- Predecessor: Ahmose called Si-Tayit
- Successor: Seni
- Dynasty: 18th Dynasty
- Pharaoh: Amenhotep I, Thutmose I
- Father: Ahmose called Si-Tayit
- Children: Ahmose called Patjenna
- Burial: Thebes

= Ahmose called Turo =

Ancient Egyptian official, Viceroy of Kush

Ahmose called Turo (also Ture, Thure or Thuwre) was Viceroy of Kush under Amenhotep I and Thutmose I.

Ahmose called Turo was a son of Ahmose called Si-Tayit. Turo's son Ahmose called Patjenna would continue to serve the royal family during the reigns of Hatshepsut and Thutmose III.

Turo served under pharaoh Ahmose I as Commander of Buhen. Later he served as King's Son (of the Southern Region) under Amenhotep I (inscriptions in Semna, Uronarti). He served under Thutmose I according to inscriptions dating to year 1 and 3. Turo is mentioned in an inscription at West Silsila belonging to the vizier User. This inscription dates to the reign of Hatshepsut. This may be a posthumous mention of the Viceroy.
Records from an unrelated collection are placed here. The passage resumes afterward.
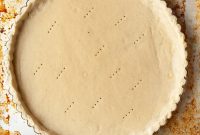 Gluten-Free Pâte Sablée Recipe for Crisp, Buttery Tart Crust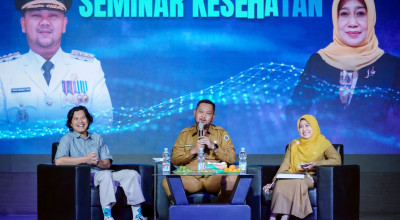 Dinas Kesehatan Gresik Mantapkan Langkah Percepatan Eliminasi TBC 2028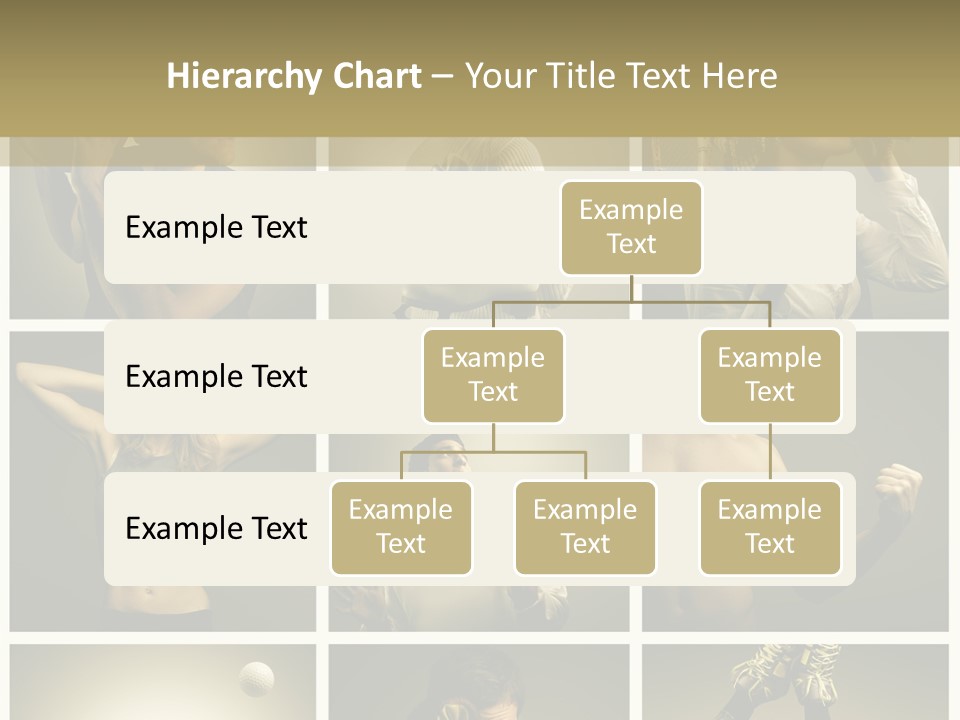 Activity Calorie PowerPoint Template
It's possible there were family connections between Turo and User; Turo is shown leading Vizier Amethu's daughters in procession. (Amethu was User's father).

A coronation decree exists recording the accession of Thutmose I. This unique document is a royal decree issued on the king's coronation day to the Viceroy of Kush, Turo, informing him of the king's accession, fixing the full titulary, the royal name to be used in offering oblations, and the royal name to be used in the oath.

Behold, there is brought to thee this [commanded of the king in order to inform thee that my majesty has appeared as King of Upper and Lower Egypt upon the Horus-throne of the living, without his like forever. Make my titulary as follows:

Horus : "Mighty Bull, Beloved of Maat;"

Favorite of the Two Goddesses: "Shining in the Serpent-diadem, Great in Strength;"

Golden Horus: "Goodly in Years, Making Hearts Live;"

King of Upper and Lower Egypt: "Aakheperkare;"

Son of Re: "[Thutmose], Living forever, and ever.

The inscriptions in Sehel Island record how Thutmose I traveled south and found the canal of Senusret III (at the first cataract stopped up):

"Year 3, first month of the third season, day 22, under the majesty of the King of Upper and Lower Egypt, Aakheperkare (Thutmose I), who is given life. His majesty commanded to dig this canal, after he found it stopped up with stones, (so that) no ship sailed upon it. He sailed down-stream upon it, his heart glad, having slain his enemies. The king's-son, Turo."

==Burial==
Ahmose called Turo was likely buried in Thebes. A statue of Turo was found in Deir el-Bahari and funerary cones were found in the Theban Necropolis.